Post-industrial leadership theories moved away from simplistic and cultic person-centered “great man” theories of leadership to system-based complexity of leadership theories (CLT) in the information and digital age [26, 27]. They offer new ways in which followers and non-followers may take more active and participative roles in leadership processes in society and organizations. Furthermore, value-based and relational leadership theories such as transformational, servant, ethical, collaborative, inclusive, distributed, shared, and adaptive seem to be more follower-centered. As a result, scholars’ attention shifted from the leader as a person to leading and following as a process. This shift provides a “foundation for theories that move beyond hierarchical, individualistic, one-directional and de-contextualized notions of leadership” [28].

Additionally, complexity leadership theorists (CLT) raise legitimate concerns about “how, in the context of bureaucratic organizing structures, can organizational leaders enable emergence of the new solutions and innovation needed to survive and thrive in today’s complex world?” [26]. The answer to this question may be sought in an ancient metaphor where one attempts to withstand a new wine in an old wineskin.3 The “old wineskin” here represents the bureaucratic organizing structures and leader-centered theories of the twentieth century that may not sustain the “new wine,” which represents the twenty-first century virtual organizations and leading-following complex processes in the digital world. Thus, in order for the leading-following interactive process to occur (the “new wine”) in today’s digital age, a new organizational mindset and design seems necessary (the “new wineskins”) because the environmentally conscious and responsible digital generation (the “new wine”) cannot fully function in corporate hierarchical structures with leader-centered leadership mindset (the “old wineskins”).

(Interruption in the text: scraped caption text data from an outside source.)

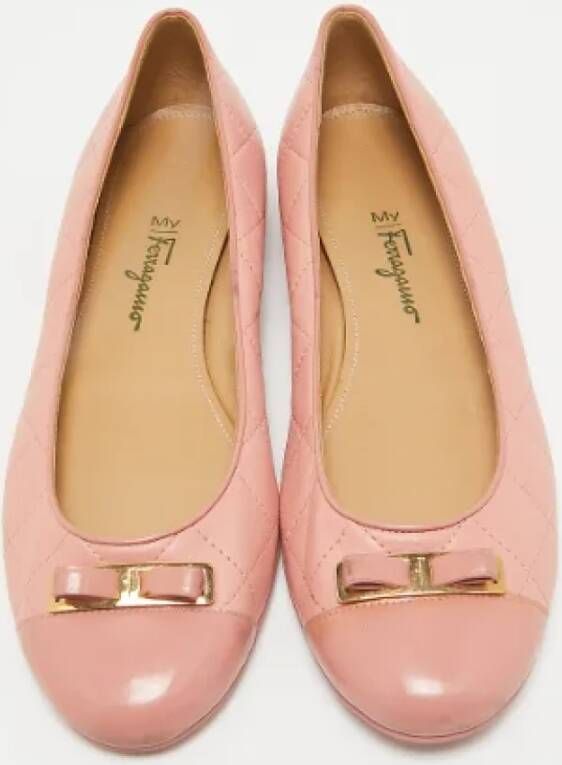 Salvatore Ferragamo Pre-owned Leather flats Pink Dames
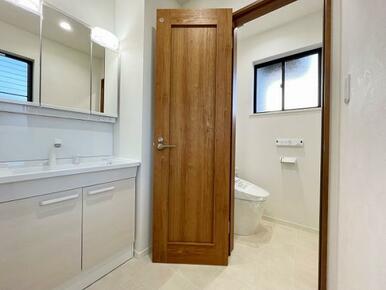 「中2階」トイレ、洗面台新品交換済み。2階にも洗面スペースがございます。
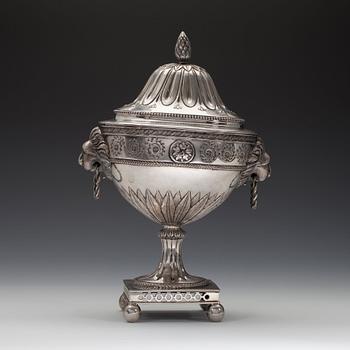 SOKERIKKO, hopeaa Stralsund 1700 l. loppu. Leimattu GJD. Korkeus 26,5 cm. Paino 833 g.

Furthermore, role identity theories and research indicate that multiple or interchangeable role identities may be beneficial for positional leaders, who lead under constant demands and pressure, to be willing to share leadership with followers and adopt leader-follower multiple identities. If leaders and followers trade their leading and following roles in organizations and interchangeably lead and follow in various situations [29, 30], it may minimize leadership power abuse, eliminate social identity stereotyping for followers [31], reduce psychological distress [32, 33, 34], and prevent physical illnesses [34, 35, 36].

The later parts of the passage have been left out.